Miss Bingley has a dowry of twenty thousand pounds and harbors hopelessly misplaced romantic intentions for Mr. Darcy; she is viciously jealous of Darcy’s growing attachment to Elizabeth and is disdainful and rude to Elizabeth.

Miss Campbell is so convincing when performing the condescending snobbishness and vile jealously of the rich, that we eagerly await tax increases for anyone who earns more than we do.

Even more chilling is Cienna Johnson’s portrayal of Lady Catherine de Bourgh.

We learned that several people in the orchestra section had frost bitten toes due to their proximity to the set and Miss Johnson.

As Miss Johnson veritably hissed her threatening lines to Elizabeth, one could imagine icy vapors billowing with her every vituperation.

Lady Catherine, as personified by Miss Johnson, reinforces stereotypes of the wealthy leisure class and those with inherited social standing.

Thanks to Miss Johnson’s glacial performance, we are now psychologically prepared to boost taxes on inheritances and tax the daylights out of the trust funds of haughty, domineering dowagers like Lady Catherine de Bourgh and her ilk.

Rarely when actors are double cast do they appear on stage simultaneously as both characters, but Assistant Director Tait Adams breaks that taboo; she played both Mr. and Mrs. Gardner at once.

While Mrs. Gardner was three-dimensional, poor Mr. Gardner was merely two-dimensional, was always forced about by his wife and never spoke without Mrs.

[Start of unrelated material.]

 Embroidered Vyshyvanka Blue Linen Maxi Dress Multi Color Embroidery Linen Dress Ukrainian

Gardner speaking first.

Tait Adams exuded a degree of stage confidence rarely evidenced in amateur productions; her delivery was well chiseled and clearly articulated.

There were several times that the quality of the acting in this play was indistinguishable from professional stage acting—certainly Miss Vasicek’s heated denouncements and Miss Burgdorf’s high blown histrionics—Miss Adams indisputably reached that plane.

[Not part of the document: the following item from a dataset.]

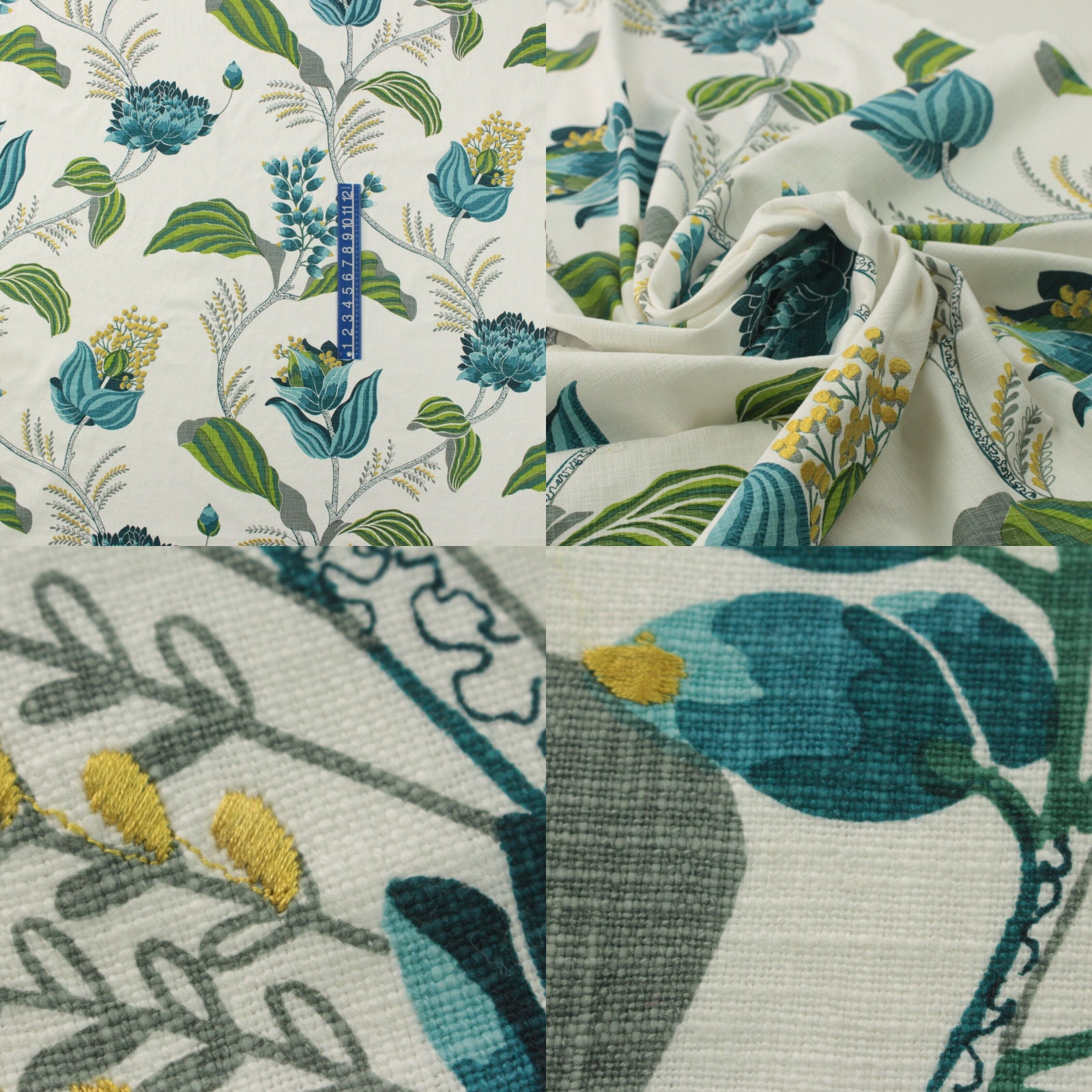 Covington Blue Ridge Pattern Covington Sylvie 504 Azure Blue Lush Large Floral Embroidred Fabric by ...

Necessity or resourcefulness placed Laura Gomez in the androgynous role of Mr. Collins: an obsequious boot-licker to his employer: her haughty highness the Lady Catherine de Bourgh.

Miss Gomez ably transmitted Mr. Collins’ exaggerated sense of self-important and even more vividly Mr. Collins’ pedantic nature—Miss Gomez should consider public education someday.

Supporting actors of this thoroughly enjoyable production included Linnea Arneson, Jess Vicman, Skye Chandler, Megan Jones, Gabe Lima, Brad Barna and Alexandra Barajas.

While this reviewer approached the marquee with a certain amount of misplaced trepidation, he was delighted by the creative spontaneity and vitality of the show.

You may have missed Hendrix at Monterey, Janis at the Fillmore West, Bob at Newport, the Stones at Altamont, hopefully you did not miss a superlative PRIDE & PREJUDICE at Encinal nor will you miss the upcoming DINING ROOM and HAIR, THE MUSICAL.